» **What is required**
Exactly transcribe the span of lines from the one containing "Proof 24BUCK_01951" through the final line of the entries, inclusive, and nothing outside it. Exclude the pictures.

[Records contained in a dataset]
------------

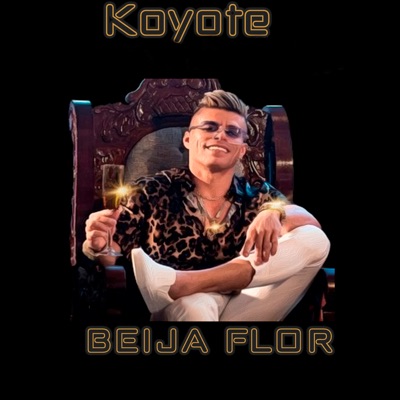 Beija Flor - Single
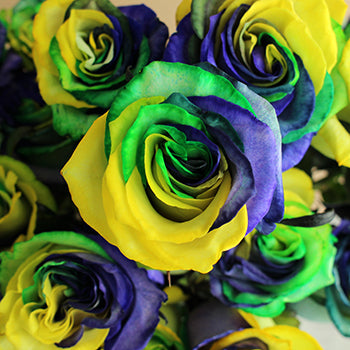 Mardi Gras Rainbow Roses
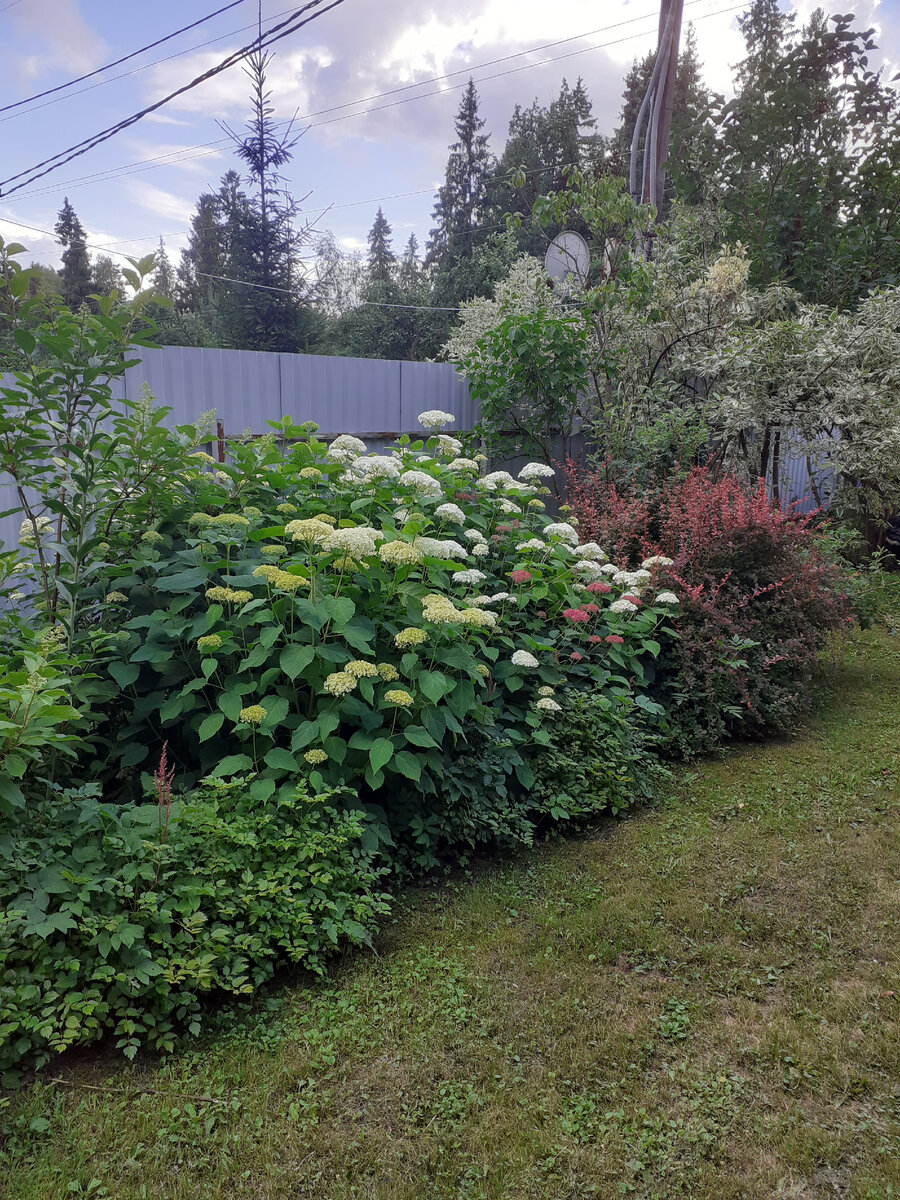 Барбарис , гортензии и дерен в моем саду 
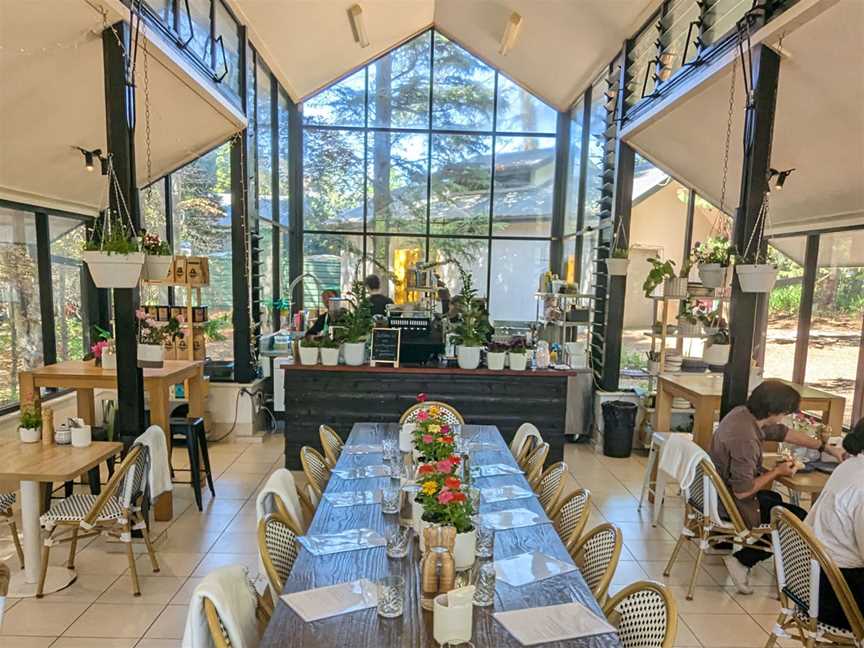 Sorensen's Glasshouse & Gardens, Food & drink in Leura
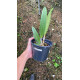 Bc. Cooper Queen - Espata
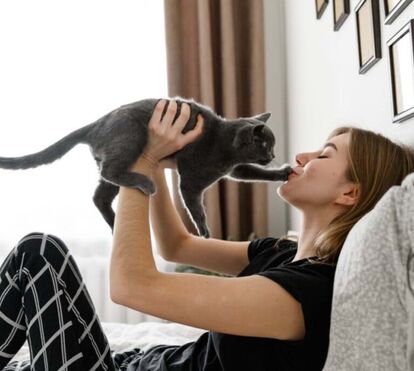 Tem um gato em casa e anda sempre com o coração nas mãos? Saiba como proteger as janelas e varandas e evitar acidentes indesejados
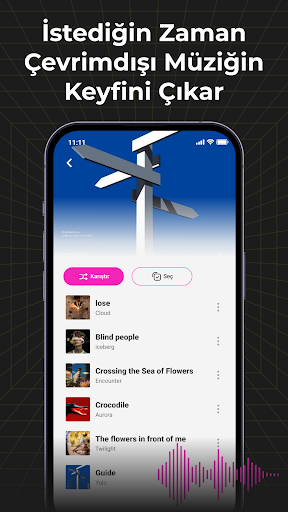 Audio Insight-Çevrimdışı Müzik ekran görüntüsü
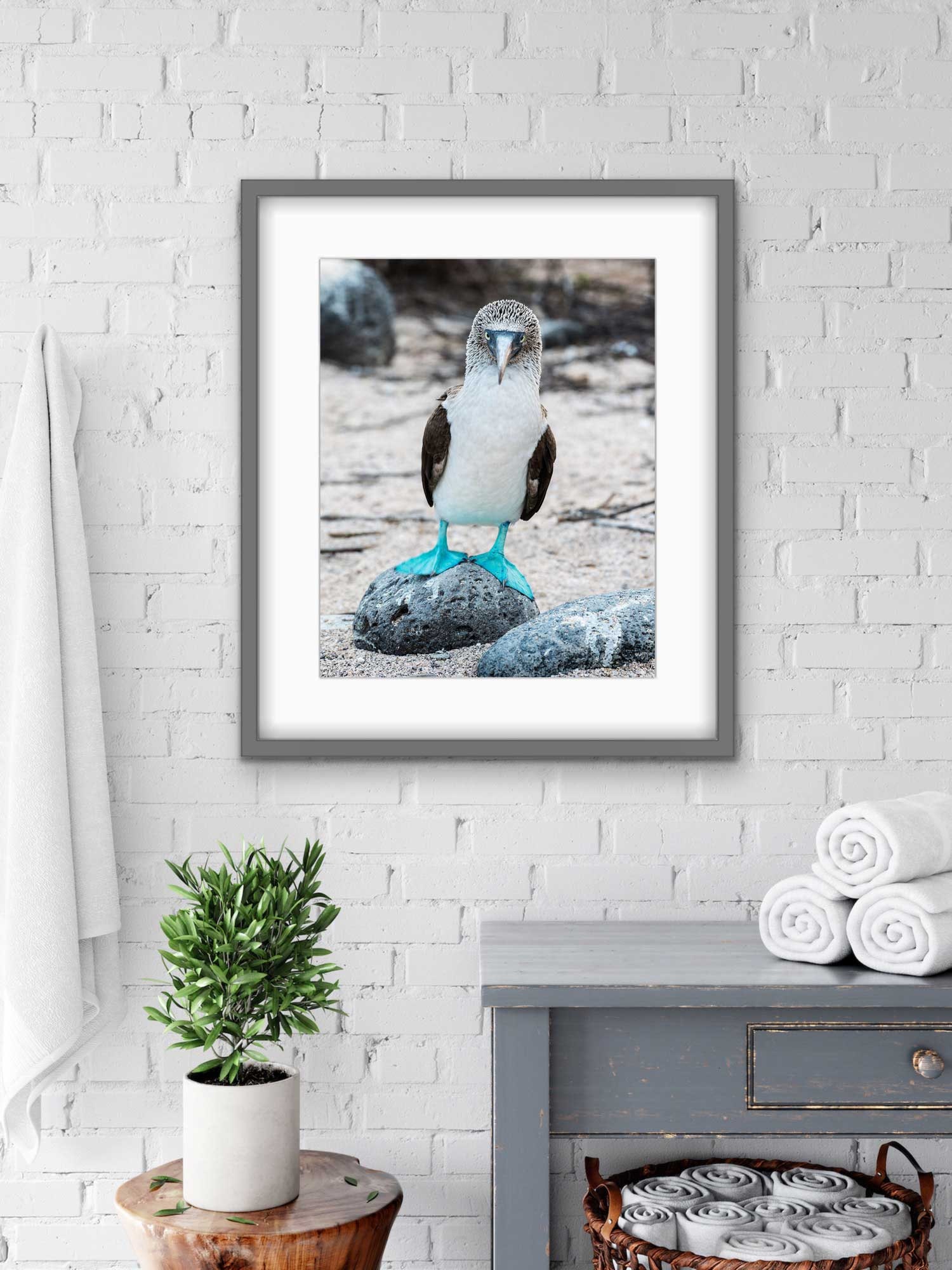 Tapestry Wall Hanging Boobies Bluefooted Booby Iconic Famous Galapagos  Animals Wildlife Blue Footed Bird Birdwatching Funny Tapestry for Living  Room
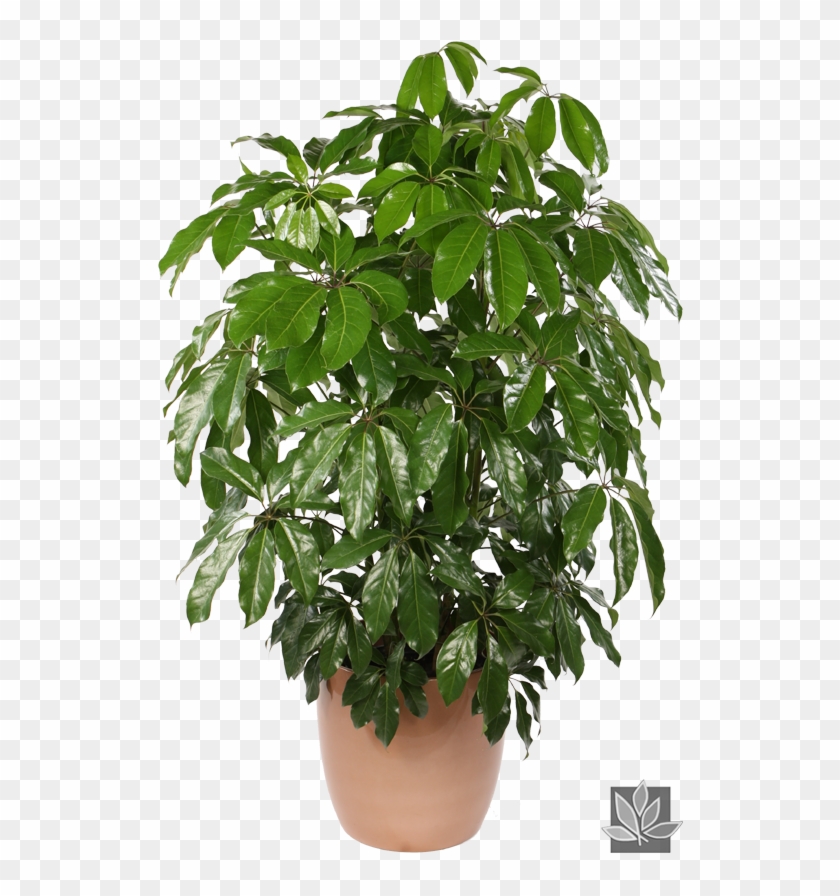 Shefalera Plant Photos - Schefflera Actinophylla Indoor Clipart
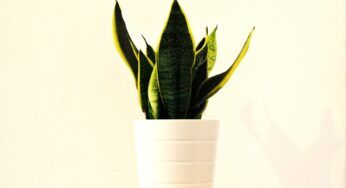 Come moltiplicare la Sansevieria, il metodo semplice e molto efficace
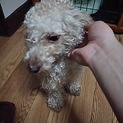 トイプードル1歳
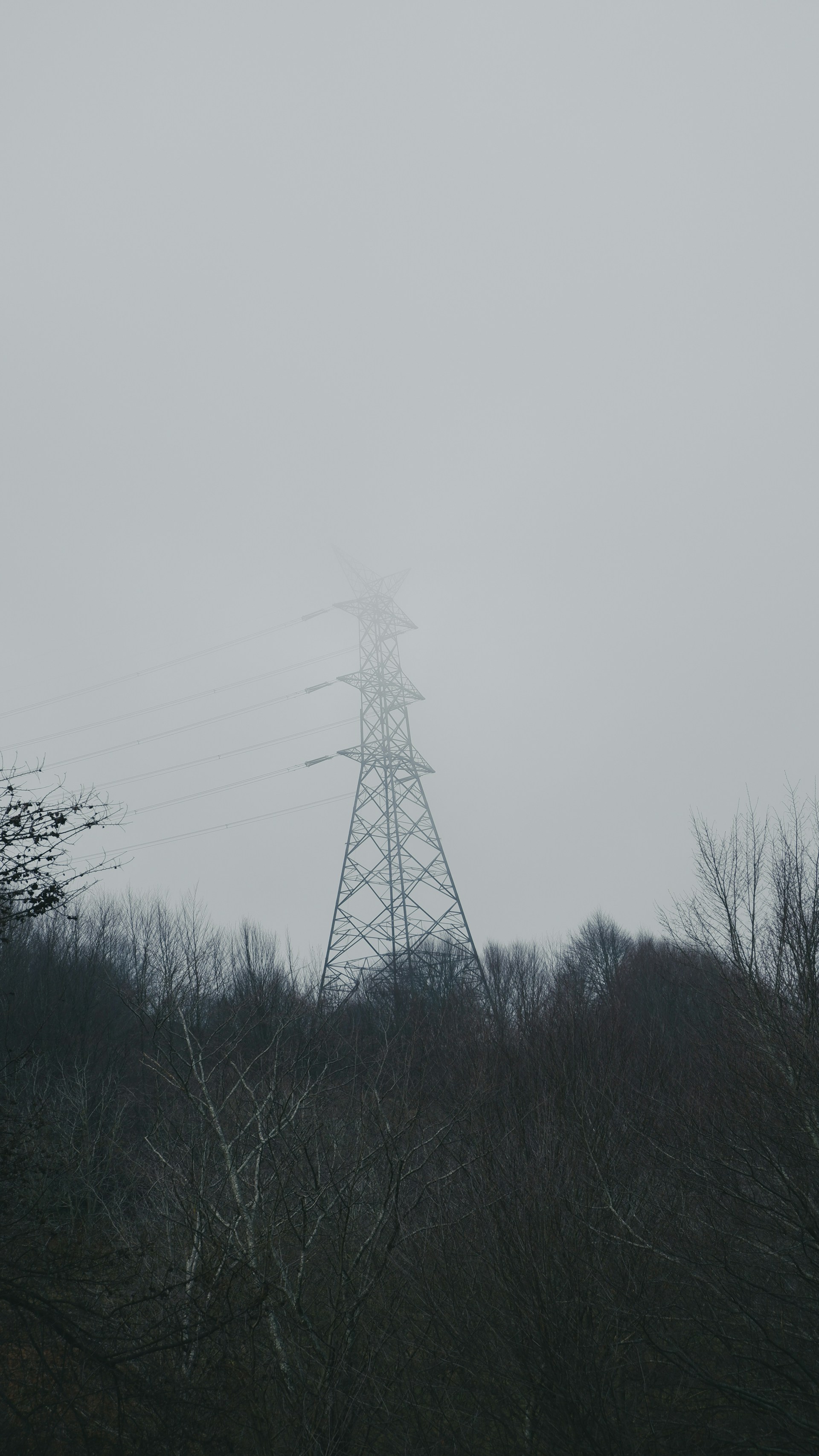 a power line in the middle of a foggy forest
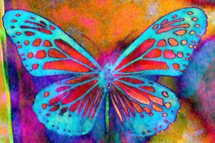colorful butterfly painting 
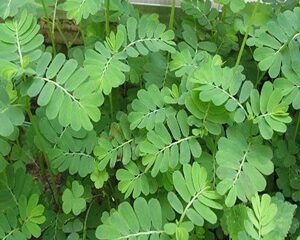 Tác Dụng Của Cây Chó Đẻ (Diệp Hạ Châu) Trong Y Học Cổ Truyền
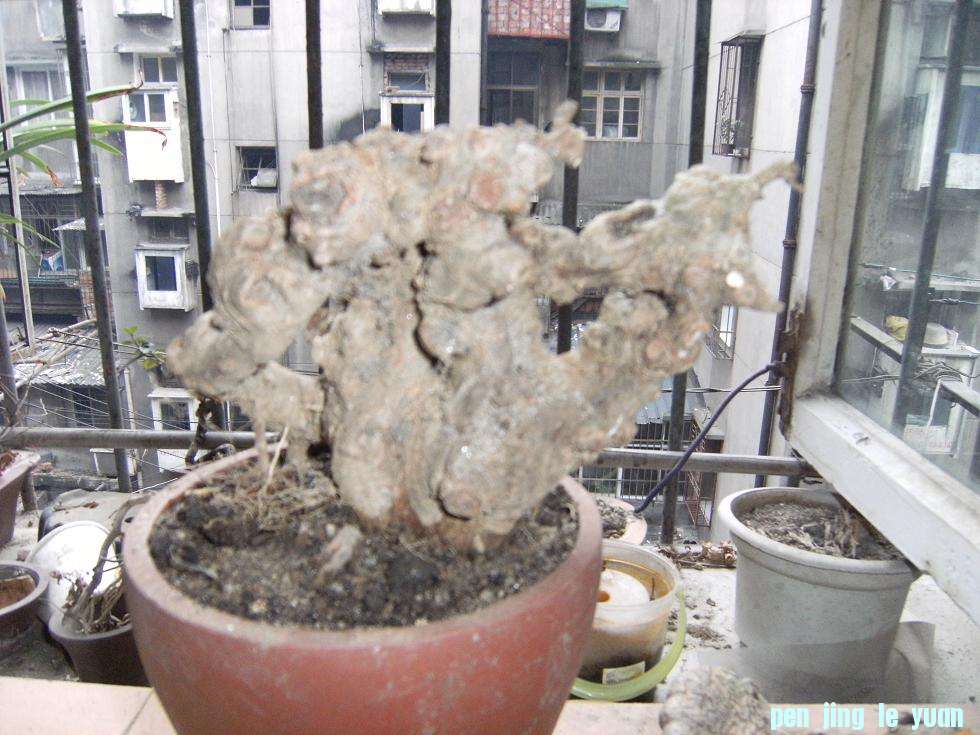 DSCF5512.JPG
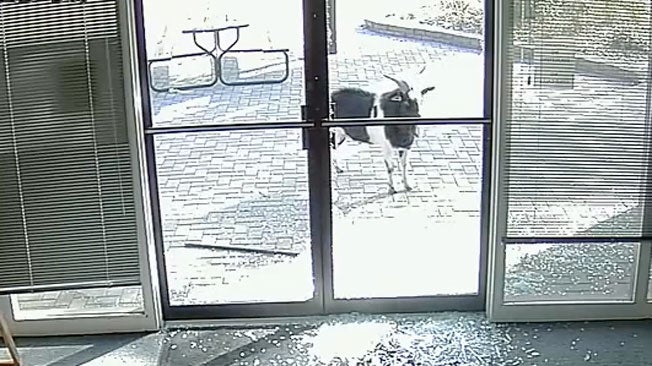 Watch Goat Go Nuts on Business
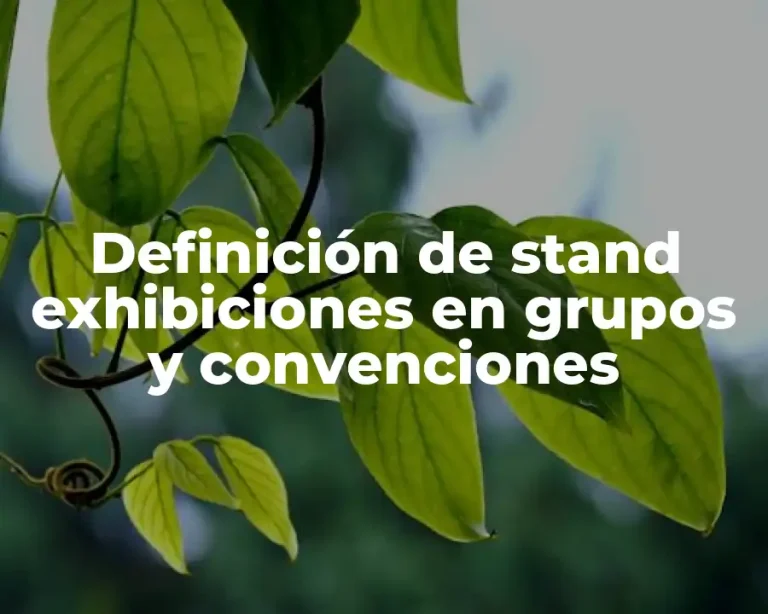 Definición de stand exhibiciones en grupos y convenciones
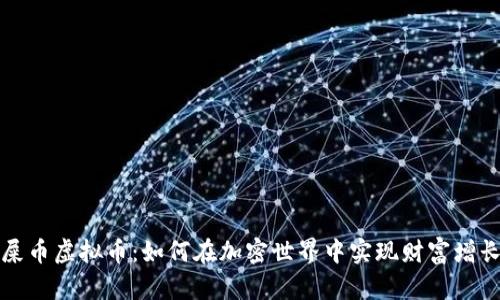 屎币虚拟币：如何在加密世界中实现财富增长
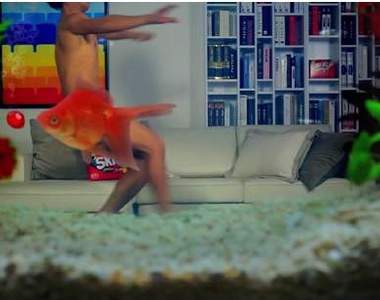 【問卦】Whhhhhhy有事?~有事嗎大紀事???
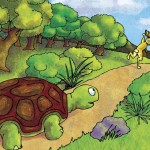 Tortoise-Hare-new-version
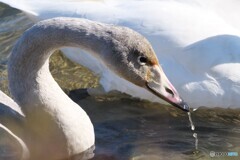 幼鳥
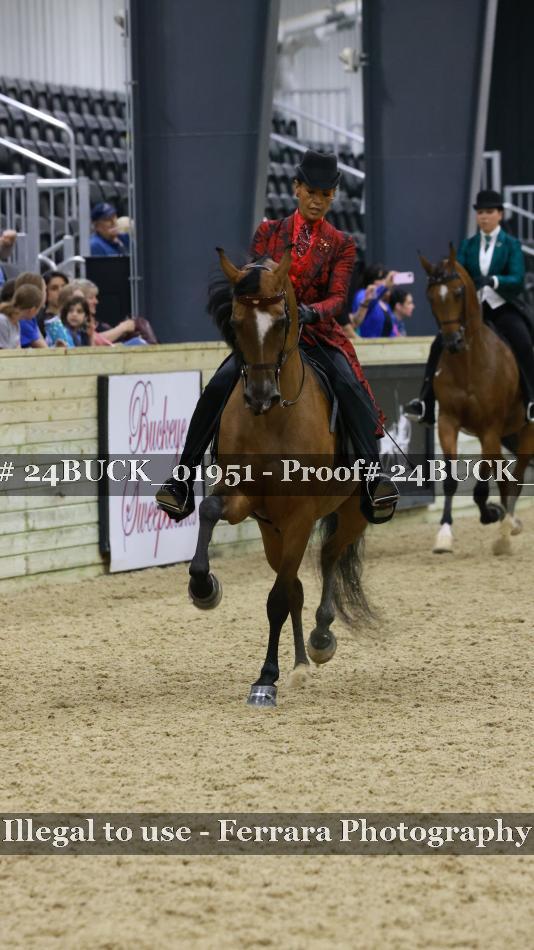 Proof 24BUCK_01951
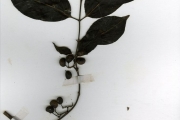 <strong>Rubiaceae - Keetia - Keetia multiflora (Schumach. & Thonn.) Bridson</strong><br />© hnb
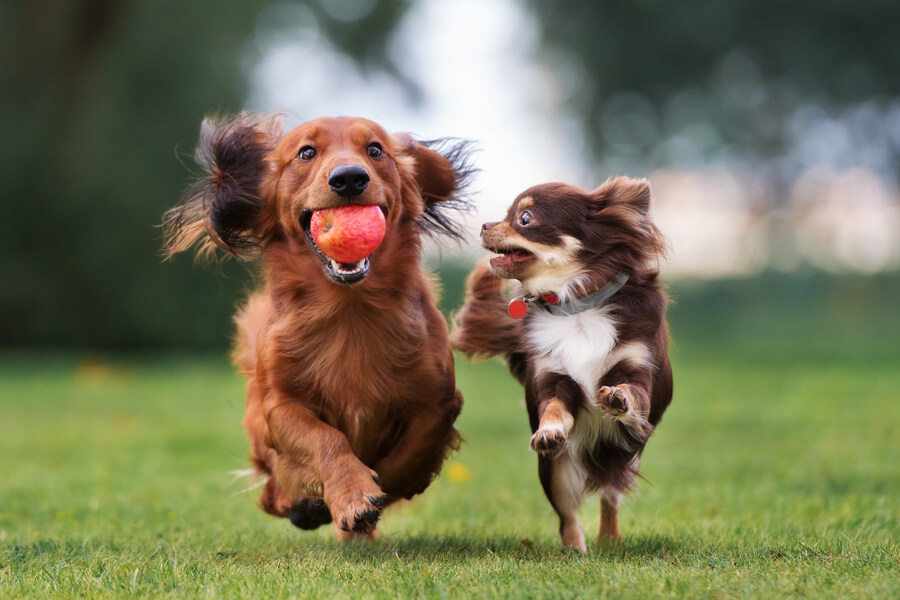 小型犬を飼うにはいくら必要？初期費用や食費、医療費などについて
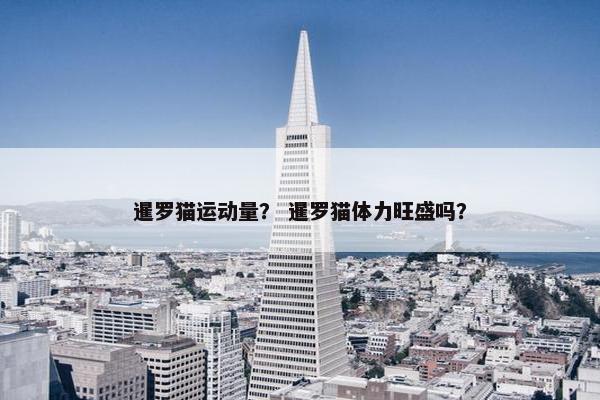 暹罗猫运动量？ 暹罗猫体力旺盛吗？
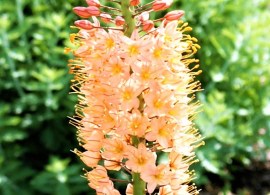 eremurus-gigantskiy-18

------------

» **Your response**
 Proof 24BUCK_01951
 <strong>Rubiaceae - Keetia - Keetia multiflora (Schumach. & Thonn.) Bridson</strong><br />© hnb
 小型犬を飼うにはいくら必要？初期費用や食費、医療費などについて
 暹罗猫运动量？ 暹罗猫体力旺盛吗？
 eremurus-gigantskiy-18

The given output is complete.